Mark cheers Dylan on

Unknown Flake (5.7) – Mark’s first lead, a nice traditionally protected slab. I followed.
Civic Duty (5.8) – A toprope of the thin slab to the left of our first climb. Lots of fun for both Mark and I.
Green Slab (5.9+) – Mark and I climbed on Dylan’s TR. Mark did a fantastic on-sight, and I took a few falls. It was tricky.
The Buick (5.10a) – Mark jammed this overhanging crack so beautifully. I couldn’t get off the first big ledge.
Unknown Face (5.10c) – Mark pulled off another brilliant on-sight on Dylan’s toprope.
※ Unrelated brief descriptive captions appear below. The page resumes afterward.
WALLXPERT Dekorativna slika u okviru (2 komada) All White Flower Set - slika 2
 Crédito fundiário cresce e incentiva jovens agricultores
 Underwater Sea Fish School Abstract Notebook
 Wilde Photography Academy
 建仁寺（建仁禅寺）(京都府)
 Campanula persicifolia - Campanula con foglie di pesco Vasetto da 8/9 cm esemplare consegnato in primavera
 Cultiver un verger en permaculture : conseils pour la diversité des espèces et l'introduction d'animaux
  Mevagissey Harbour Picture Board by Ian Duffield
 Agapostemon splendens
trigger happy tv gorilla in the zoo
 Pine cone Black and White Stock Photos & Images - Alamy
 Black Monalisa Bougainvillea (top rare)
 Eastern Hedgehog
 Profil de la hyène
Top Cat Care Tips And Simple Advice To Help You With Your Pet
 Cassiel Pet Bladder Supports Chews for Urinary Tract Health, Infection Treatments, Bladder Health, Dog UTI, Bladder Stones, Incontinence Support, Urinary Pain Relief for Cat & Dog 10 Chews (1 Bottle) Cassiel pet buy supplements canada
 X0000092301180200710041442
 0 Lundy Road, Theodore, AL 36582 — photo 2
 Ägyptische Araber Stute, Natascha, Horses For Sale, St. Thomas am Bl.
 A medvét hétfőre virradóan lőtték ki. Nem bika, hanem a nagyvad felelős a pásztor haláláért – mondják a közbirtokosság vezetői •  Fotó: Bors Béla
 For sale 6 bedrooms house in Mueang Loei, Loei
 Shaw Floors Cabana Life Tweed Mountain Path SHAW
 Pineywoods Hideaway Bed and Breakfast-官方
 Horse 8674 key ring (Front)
I took several hangs, but made it all the way up this pumpy little climb.
Beemer up Scottie (5.8) – Mark lead this overhanging hand crack cleanly, with one scary moment. Dylan followed and cleaned it. Sean and I were done for the day and just enjoyed the show.

Mark heads around the corner to climb

Mark and Dylan both felt the need to continue down the road after those first six hard climbs. We ended up in a beautiful spot next to the river spilling out of a reservoir. Mark put up a beautiful, smooth lead of Introducing Meteor Dad (5.10d). This was one of the longest routes of the day, and I enjoyed an hour or so without a pack, taking pictures, while Mark and Dylan climbed. It was a great way to end a fantastic day. And then Mark fell in the river on the walk home.